É do terraço de um prédio no bairro Bom Fim, na área central de Porto Alegre, que o mineiro Davi Franco Viegas, 21 anos, aprecia a cidade que ele escolheu para viver há dois anos. Em 2023, Viegas foi aprovado no curso de Design de Produto da Universidade Federal do Rio Grande do Sul (UFRGS). Antes de desembarcar na capital gaúcha, vivia em São Paulo com sua família e nunca havia passado pela experiência de morar sozinho. Já matriculado, o jovem começou a buscar apartamentos para dividir com outras pessoas em Porto Alegre, como fazem muitos estudantes nesta etapa da vida — porém, a ideia não agradou sua mãe. Após buscas na internet, encontraram um empreendimento recém-inaugurado, cuja proposta os agradou devido à posição do prédio na cidade e pela forma como os processos ocorrem dentro dele.
Viegas mora há dois anos em um "coliving", segmento de morarias que começou a ganhar força no Brasil no final da década passada. São edifícios com apartamentos menores e foco em estudantes. Devido ao tamanho, a maioria das unidades não possui espaço para alguns cômodos, como cozinha e lavanderia. Por este motivo, esses condomínios vêm equipados com fogões e máquinas de lavar nas áreas comuns, que são compartilhadas entre os moradores.
— Aqui, já morei em três tipos de apartamento. Estava em um de uma categoria maior do que o que vivo hoje, mas achei muito grande. Tinha uma geladeira inteira só para mim. Eu nem fico tanto no apartamento, estou sempre na sala de jogos — diz Viegas.
O empreendimento onde o estudante mora fica a cinco minutos do prédio onde ele estuda. Além da proximidade com a faculdade, a escolha da família de Viegas pelo local se deu pela segurança. O prédio tem portaria 24 horas e para acessá-lo é preciso ter cadastro com reconhecimento facial. Entre os espaços compartilhados do condomínio, também há uma sala de cinema, um coworking, uma academia e um salão no terraço.
Fiz muitos amigos desde que me mudei para cá, pessoas que eu talvez não conheceria se morasse em outro local. Tenho um amigo italiano que morava aqui, nos falamos até hoje.
DAVI FRANCO VIEGAS

Distante 10 minutos dali, Giovani Almeida, 30 anos, vive num coliving na Rua Vigário José Inácio, no Centro Histórico. Almeida, que morava em Santa Vitória do Palmar, na Região Sul, precisava de um lugar mobiliado para se mudar em poucos dias após ter sido aprovado num curso de mestrado na UFRGS. O local é mais simples do que o empreendimento visitado pela reportagem no Bom Fim, o que reflete no preço mensal das unidades e no tamanho delas. Lá, até o banheiro é compartilhado entre os moradores.
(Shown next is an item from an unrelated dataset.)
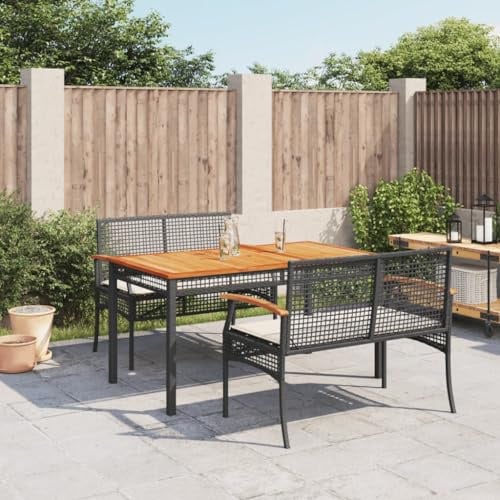 Ziaphsol 3-TLG. Garten-Essgruppe Schwarz aus Poly Rattan, Akazienholz-Tisch, 2 Bänke mit Cremeweißen Kissen, UV-beständig, für Terrasse & Garten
— Eu precisava de um lugar para me mudar imediatamente. Não tinha tempo de ir atrás de internet, ligação de luz, comprar móveis. Precisava de algo para entrar e morar — conta Almeida.
No início, achei que ficaria meio preso. A vida toda morei em casa ou apartamento próprio. Pensei que não fosse me adaptar, mas foi totalmente o oposto. É como se fosse a casa de uma grande família. Cada um tem o seu espaço, mas tem horas que precisamos conviver.
GIOVANI ALMEIDA
Investimentos na Capital
Em Porto Alegre, a abertura de colivings tem se dado em prédios que já existiam e foram transformados para ganhar nova função. Um caso recente ocorreu no bairro Moinhos de Vento, onde a rede Swan reformou seu hotel na Rua 24 de Outubro com investimento de R$ 4 milhões. Além de manter quartos para hospedagem diária, o prédio agora conta com unidades menores voltadas para moradia de estudantes e jovens profissionais.
Este, porém, foi um investimento fora do padrão da Capital, já que a maior concentração de colivings está no bairro Bom Fim. O motivo, segundo especialistas, é a proximidade com os prédios da UFRGS.
A empresa Uliving, de São Paulo, abriu seu primeiro coliving em Porto Alegre há dois anos. Na época, dois prédios residenciais na Avenida Osvaldo Aranha foram reformados e adaptados para abrigar quartos de 18 a 25 metros quadrados. Depois, um outro edifício foi erguido no terreno ao lado, sendo integrado aos demais espaços.
No empreendimento podem morar apenas estudantes, que precisam apresentar matrícula que os vincule a uma instituição de ensino. A eles, são oferecidos três tipos de apartamentos: studio individual (com copa, frigobar e pia de cozinha), studio compartilhado (igual, mas com duas camas) e apartamentos compartilhados (com sala, cozinha e quartos com banheiros individuais). O preço do aluguel varia de R$ 1,6 mil a R$ 2,9 mil, além de ser cobrada uma taxa mensal do condomínio.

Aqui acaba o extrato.